Jerry: It’s working man’s music… they’re like the Springsteen of punk rock… we’re [tongue in cheek] the Dylan of punk rock.

Jon: Who would Cobra Verde be then? Are they the King Crimson of punk rock?
Jerry: [laughs] They’re anti-music.

Jon: I love that band [Cobra Verde] and Death of Samantha…
Jerry: Rules! I grew up every fuckin’…

Jon: Where the Women Wear the Glory and the Men Wear the Pants is one of my top five like best…
Jerry: [quoting] “I woke up on Good Friday and I couldn’t believe I was still me.”

Jon: “Sylvia Plath”…
Jerry: The Peter Laughner cover… do you have the first one, Strung Out On Jargon? That’s amazing!

Jon: And the EP, with “Blood and Shaving Cream”…
Jerry: And “Werewolves of London” and it’s got “Yellow Fever,” which rules… They were an amazing band, them and the Mice, when I was growing up like from 16 to 18… DoS rules!

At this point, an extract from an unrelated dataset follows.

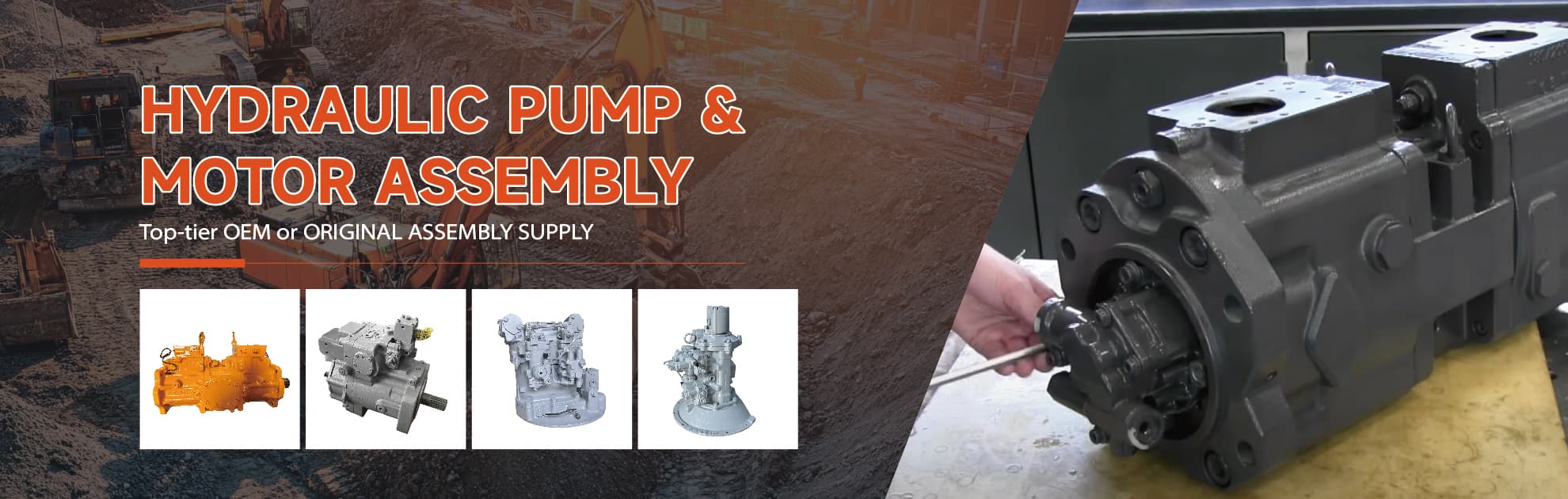 Pump Assembly for Komatsu, Caterpillar, Hitachi, Volvo Excavators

Jon: How’s your record doing?
Jerry: Ever been fishing?

Jon: Yeah, I’ve been fishing before.
Jerry: You know the fish that float on top of the water?

Jon: The dead ones?
Jerry: Uh huh.

Viva: It’s only been a month.
Jerry: Yeah, but I don’t care about that shit, we just wanna make good fuckin’ records. I don’t give a fuck about gettin’ played on the fuckin’ radio… Sometimes success is the same as complete failure.

Viva: “Pop Song.” You guys could sell computers with that, or Dr. Pepper.
Jerry: You can’t let go of that, can you?

Viva: I was offended.

Jon: She wanted to hammer you guys.

Viva: If you guys could get to Minnesota where I grew up… I never heard X… I never heard Pussy Galore… what else did I never hear…?

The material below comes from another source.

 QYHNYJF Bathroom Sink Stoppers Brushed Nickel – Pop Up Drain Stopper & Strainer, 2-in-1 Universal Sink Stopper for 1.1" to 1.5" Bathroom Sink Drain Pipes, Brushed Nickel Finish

Jon: Cheater Slicks.[laughter]

Viva: How was I supposed to hear punk rock?
Jerry: Back then, if you just cracked the nut, all the stuff would just come out.

Jon: [Today] It’s almost like people don’t want you to buy their records…
Jerry: It’s a front!

Jon: Of course it is…
Jerry: It’s a lie… it’s like sayin’ “We’re an indie.” Oh fuckin’ yeah! You’re in NOFX and you’re selling 8 million records! They can afford to say they’re still indie. I can’t sell 8 million records… I’m not puttin’ the band down, but it’s a bold commercialized statement.

As the tape runs down, the conversation shifts to the inadequacies of the rock press, Jerry’s favorite Dylan record (which he never quite pinned down, though Street Legal was mentioned as a candidate for some reason). Wick also admitted that he owns four copies of Rumours by Fleetwood Mac.

At that point, three Warners publicity flacks and a pair of strong-arm goons burst in brandishing legal writs and blackjacks. They gave Viva and me an explicit directive to “disregard any and all Stevie Nicks references, as Mr. Wick is obviously having a psychotic AOR radio episode.” Cowed by a brief beating, we signed on the line provided and were released just in time to catch Gaunt’s super-high octane set. Just kidding, Time Warner minions (except about Gaunt’s set being great), please stop hitting me.